Zero Dark Thirty's portrayal of torture has led to a torrent of criticism.
Zero Dark Thirty - Kathryn Bigelow and Mark Boal's follow up to The Hurt Locker - tracks the hunt for and assassination of Osama bin Laden. It received rave reviews but, upon its US release, came under considerable fire from a series of politicians and commentators.
The problem this bipartisan group of critics have with the film is that it falsely portrays the key piece of information that led to bin Laden's death, the identity of his courier, being ascertained through torture. Fundamentally, it portrays "enhanced techniques" as an effective method of obtaining information, when CIA records have repeatedly stated otherwise.
Some would argue that manipulating your audience is a central pillar of filmmaking; hundreds of loosely historical films take considerable dramatic licence with their facts, but the difference here is that the film claims to tell the true story of one of the most politically-charged events of the decade.
The killing of bin Laden is a sacred moment in American political lore. It formed a centrepiece of Barrack Obama's re-election campaign, just as 9/11 and the continuation of the war on terror helped Bush to land his second term.

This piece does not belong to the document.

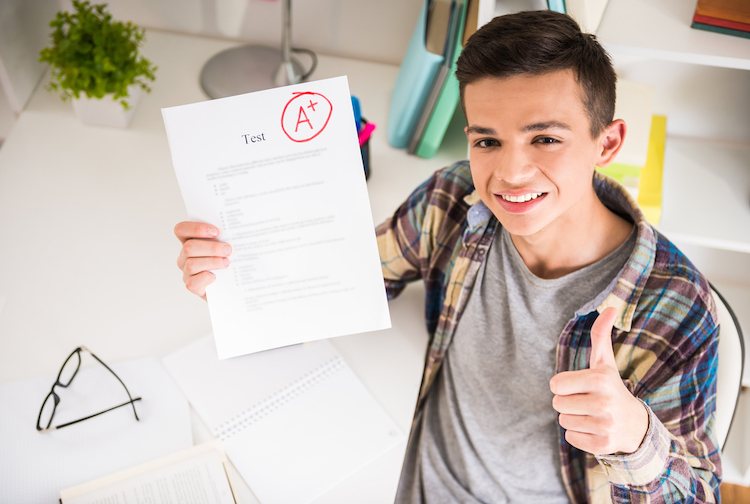 Straight-A Student Offers to Give Away Bonus Points to Classmate Who Scored Lowest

The media's compliant and sympathetic portrayal of these events undeniably helps form public opinion of them.
The opening of the film boasts that it was "based on first-hand accounts of actual events" and even Bigelow herself has said that she was "working in that kind of journalistic space". In response to recent criticism, however, Boal remarked that "it's a movie, not a documentary." Boal and Bigelow are contradicting each other, and they simply can't have it both ways.
If content creators claim to provide a truthful or journalistic service, then they should expect be held to the same standards as journalists. If they want to make fiction, then they shouldn't deceitfully dress it up as a documentary.
Former Republican presidential candidate John McCain joined two Democrats in writing a public letter of complaint to Michael Lynton, the chairman of Sony Pictures, labelling the film "grossly inaccurate and misleading in its suggestion that torture resulted in information that led to the location of Osama bin Laden." Indeed even the perpetrators of said torture, the CIA, chastised the studio for what is at best reckless historical revisionism and at worst the glorification of torture. This came despite the CIA advising Sony Pictures as they produced the film, even being accused of providing them with improper access to non-public material.
It seems unlikely that the CIA were concerned that the film portrayed their use of torture in an overly positive light, but rather released the statement in order to protect themselves from the growing dispute surrounding the film and distance themselves from their dark past. The current CIA are undoubtedly trying to separate themselves from their Bush-era crimes but are still visibly unwilling to punish them, even going so far as to censor an ongoing court case surrounding the treatment of Guantanamo detainees. Evidently they don't have a problem with lying to the public, they have a problem with Sony Pictures telling the previous administration's lies and getting caught doing so.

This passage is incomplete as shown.